Well, the $ff51 to $ff54 registers (labeled rHDMA1 to rHDMA4 in assembly) control the source and destination addresses. The beginning of the _continue_HDMATransfer function sets the source and destination to the values in the HL and DE CPU registers:
_continue_HDMATransfer:
; a lot of waiting around for hardware registers
; [rHDMA1, rHDMA2] = hl & $fff0
ld a, h
ldh [rHDMA1], a
ld a, l
and $f0 ; high nybble
ldh [rHDMA2], a
; [rHDMA3, rHDMA4] = de & $1ff0
ld a, d
and $1f ; lower 5 bits
ldh [rHDMA3], a
ld a, e
and $f0 ; high nybble
ldh [rHDMA4], a
With a little more debugging, I found another place where an invalid value is written to the HDMA destination address register:
Thread 1 "rboy2" hit Breakpoint 4, rboy2_core::bus::Hdma::write_high_dest (self=0x55555792bc98, value=22)
at rboy2_core/src/bus.rs:735
735 self.dest = self.dest & 0xF0 | (u16::from(value) << 8);
(gdb) n
736 }
(gdb) p *self
$34 = rboy2_core::bus::Hdma {src: 53248, dest: 5840, transfer_mode: rboy2_core::bus::HdmaTransferMode::HBlank, blocks: 127, active: false}
(gdb) n
rboy2_core::bus::Bus::write (self=0x555557927a60, address=65363, value=22) at rboy2_core/src/bus.rs:603
603 }
(gdb) n
rboy2_core::bus::Bus::write_cpu (self=0x555557927a60, address=65363, value=22) at rboy2_core/src/bus.rs:669
669 }
(gdb) p cpu
No symbol 'cpu' in current context
(gdb) n
rboy2_core::cpu::Cpu::write_u8 (self=0x555557930868, bus=0x555557927a60, place=..., value=22)
at rboy2_core/src/cpu/mod.rs:80
80 }
(gdb) p *self
$35 = rboy2_core::cpu::Cpu {regs: rboy2_core::cpu::registers::Registers {pc: 16920, sp: 49377, a: 22, b: 127, c: 1, d: 150, e: 0, h: 208, l: 0, f: rboy2_core::cpu::registers::F (rboy2_core::cpu::registers::_::InternalBitFlags (32))}, ime: true, halted: false}
(gdb) p bus.current_rom_bank_number()
$36 = 65
The higher bit of the destination address of HDMA is set to $16 by the instruction at $4218 in bank $41 - inside _continue_HDMATransfer. I can match it to my logs with the CPU register values:
BANK:41 PC:4218 SP:c0e1 A:16 F:00100000 B:7f C:01 D:96 E:00 H:d0 L:00
Huh, A is $16 but D, which it was just copied from, is $96? It’s because the code ORs A with $1f before writing it to the destination address high byte register (HDMA3), and it does that because as says Pan Docs:
FF53–FF54 — HDMA3, HDMA4 (CGB Mode only): VRAM DMA destination (high, low) [write-only]#
These two registers specify the address within 8000-9FF0 to which the data will be copied. Only bits 12-4 are respected; others are ignored. The four lower bits of this address will be ignored and treated as 0.

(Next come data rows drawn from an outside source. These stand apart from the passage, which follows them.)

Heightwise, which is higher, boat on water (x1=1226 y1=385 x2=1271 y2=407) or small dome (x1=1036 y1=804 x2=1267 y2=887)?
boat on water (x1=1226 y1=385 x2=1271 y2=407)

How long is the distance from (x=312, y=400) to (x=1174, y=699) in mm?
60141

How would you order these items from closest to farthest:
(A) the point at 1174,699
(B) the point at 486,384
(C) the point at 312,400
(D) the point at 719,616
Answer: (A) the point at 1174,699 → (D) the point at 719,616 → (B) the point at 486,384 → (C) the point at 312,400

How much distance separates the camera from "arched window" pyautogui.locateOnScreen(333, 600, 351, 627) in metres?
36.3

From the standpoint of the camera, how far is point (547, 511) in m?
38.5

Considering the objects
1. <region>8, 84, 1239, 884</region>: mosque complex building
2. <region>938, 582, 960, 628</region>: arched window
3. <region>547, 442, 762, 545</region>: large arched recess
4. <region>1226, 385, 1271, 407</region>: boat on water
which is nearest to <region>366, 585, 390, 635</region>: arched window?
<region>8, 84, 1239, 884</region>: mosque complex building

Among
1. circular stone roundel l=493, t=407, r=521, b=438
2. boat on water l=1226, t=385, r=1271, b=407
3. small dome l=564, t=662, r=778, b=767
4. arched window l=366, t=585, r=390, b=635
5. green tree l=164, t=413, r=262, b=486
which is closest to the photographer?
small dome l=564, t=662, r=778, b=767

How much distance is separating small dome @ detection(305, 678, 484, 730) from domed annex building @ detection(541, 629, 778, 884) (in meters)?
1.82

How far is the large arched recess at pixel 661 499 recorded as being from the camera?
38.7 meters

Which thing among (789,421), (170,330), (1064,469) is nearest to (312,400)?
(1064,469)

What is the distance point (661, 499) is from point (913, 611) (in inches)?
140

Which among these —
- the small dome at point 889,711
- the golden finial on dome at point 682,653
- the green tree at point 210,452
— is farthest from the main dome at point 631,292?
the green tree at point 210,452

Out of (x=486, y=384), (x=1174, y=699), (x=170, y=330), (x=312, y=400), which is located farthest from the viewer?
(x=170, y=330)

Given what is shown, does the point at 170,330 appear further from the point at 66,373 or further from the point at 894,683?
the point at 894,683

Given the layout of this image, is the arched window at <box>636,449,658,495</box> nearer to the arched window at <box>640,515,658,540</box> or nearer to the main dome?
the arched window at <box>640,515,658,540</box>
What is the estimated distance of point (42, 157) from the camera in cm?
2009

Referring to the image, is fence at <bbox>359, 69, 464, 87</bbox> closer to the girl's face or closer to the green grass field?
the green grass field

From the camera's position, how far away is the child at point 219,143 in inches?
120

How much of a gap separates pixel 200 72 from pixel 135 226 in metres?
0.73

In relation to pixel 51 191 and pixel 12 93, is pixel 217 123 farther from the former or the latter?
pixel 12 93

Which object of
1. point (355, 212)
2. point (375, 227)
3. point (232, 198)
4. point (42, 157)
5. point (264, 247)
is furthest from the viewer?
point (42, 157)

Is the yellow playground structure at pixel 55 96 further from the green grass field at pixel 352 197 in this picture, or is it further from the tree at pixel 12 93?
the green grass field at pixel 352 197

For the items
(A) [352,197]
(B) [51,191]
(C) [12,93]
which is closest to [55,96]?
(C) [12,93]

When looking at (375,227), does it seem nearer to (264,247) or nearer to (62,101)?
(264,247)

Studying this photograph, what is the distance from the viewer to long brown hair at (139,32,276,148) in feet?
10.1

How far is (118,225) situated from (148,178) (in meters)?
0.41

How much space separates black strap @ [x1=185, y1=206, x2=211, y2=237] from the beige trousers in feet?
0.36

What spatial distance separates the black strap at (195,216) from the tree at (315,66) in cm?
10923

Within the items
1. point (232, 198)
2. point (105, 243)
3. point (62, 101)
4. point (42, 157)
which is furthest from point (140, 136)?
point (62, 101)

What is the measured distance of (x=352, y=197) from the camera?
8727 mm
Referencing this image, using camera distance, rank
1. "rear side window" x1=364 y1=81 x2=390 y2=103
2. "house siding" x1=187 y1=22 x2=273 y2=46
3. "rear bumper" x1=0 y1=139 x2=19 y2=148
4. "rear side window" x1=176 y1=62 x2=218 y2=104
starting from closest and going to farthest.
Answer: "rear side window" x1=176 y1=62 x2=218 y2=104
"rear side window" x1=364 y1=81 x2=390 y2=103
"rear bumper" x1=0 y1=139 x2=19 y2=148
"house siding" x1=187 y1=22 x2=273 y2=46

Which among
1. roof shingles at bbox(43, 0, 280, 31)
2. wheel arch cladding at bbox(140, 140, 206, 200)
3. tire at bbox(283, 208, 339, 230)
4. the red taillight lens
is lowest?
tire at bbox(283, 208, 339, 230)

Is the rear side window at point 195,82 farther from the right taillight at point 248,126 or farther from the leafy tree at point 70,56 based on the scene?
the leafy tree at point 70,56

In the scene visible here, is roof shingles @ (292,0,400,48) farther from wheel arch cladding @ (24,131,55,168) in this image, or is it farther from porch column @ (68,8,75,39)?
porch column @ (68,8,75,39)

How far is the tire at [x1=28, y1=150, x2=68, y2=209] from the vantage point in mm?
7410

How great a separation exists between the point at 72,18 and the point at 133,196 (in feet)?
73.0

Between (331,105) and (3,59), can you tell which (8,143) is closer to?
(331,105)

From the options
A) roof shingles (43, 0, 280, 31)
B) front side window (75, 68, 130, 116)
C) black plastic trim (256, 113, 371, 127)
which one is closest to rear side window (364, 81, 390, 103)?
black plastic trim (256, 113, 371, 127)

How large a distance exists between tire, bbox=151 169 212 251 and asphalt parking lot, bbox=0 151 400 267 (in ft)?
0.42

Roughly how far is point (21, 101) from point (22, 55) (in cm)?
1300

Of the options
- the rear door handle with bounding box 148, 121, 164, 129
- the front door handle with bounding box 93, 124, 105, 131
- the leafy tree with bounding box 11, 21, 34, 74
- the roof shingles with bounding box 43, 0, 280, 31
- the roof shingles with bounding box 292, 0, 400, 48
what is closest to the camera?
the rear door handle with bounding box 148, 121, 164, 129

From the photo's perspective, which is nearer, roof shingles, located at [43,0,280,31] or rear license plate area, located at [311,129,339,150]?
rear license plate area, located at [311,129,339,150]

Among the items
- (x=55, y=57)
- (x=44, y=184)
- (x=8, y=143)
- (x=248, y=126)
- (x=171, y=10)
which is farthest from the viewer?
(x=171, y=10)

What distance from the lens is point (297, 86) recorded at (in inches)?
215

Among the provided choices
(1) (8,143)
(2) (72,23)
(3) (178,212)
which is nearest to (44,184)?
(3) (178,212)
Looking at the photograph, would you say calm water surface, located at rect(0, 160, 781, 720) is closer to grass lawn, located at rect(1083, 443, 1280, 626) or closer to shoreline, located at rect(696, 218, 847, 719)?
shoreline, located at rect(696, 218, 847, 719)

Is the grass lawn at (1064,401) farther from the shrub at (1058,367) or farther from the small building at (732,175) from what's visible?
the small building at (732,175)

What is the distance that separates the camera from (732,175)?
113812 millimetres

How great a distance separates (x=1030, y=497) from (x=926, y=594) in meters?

Bits 15 to 12 are supposed to be ignored, and in my write handling, they weren’t:
impl Hdma {
fn write_high_dest(&mut self, value: u8) {
self.dest = self.dest & 0xF0 | (u16::from(value) << 8);
}
}
After an update:
impl Hdma {
fn write_high_dest(&mut self, value: u8) {
self.dest = (u16::from_be_bytes([value, self.dest.to_be_bytes()[1]]) & 0x1FF0) | 0x8000;
}
}
Then finally, the game can show its opening animation:
Before this, few GBC-only games would boot. Even now, Pokémon Crystal doesn’t let the player leave their room, nor does Pokémon Silver. The HDMA controller here only supports general transfers, not HBlank transfers which run periodically instead of all at once, and the sound is glitchy when a game turns on double speed mode. But those are problems for another day!
On top of the sources mentioned in the article, I also used mGBA to confirm the correct behavior of the ROM with its debugger.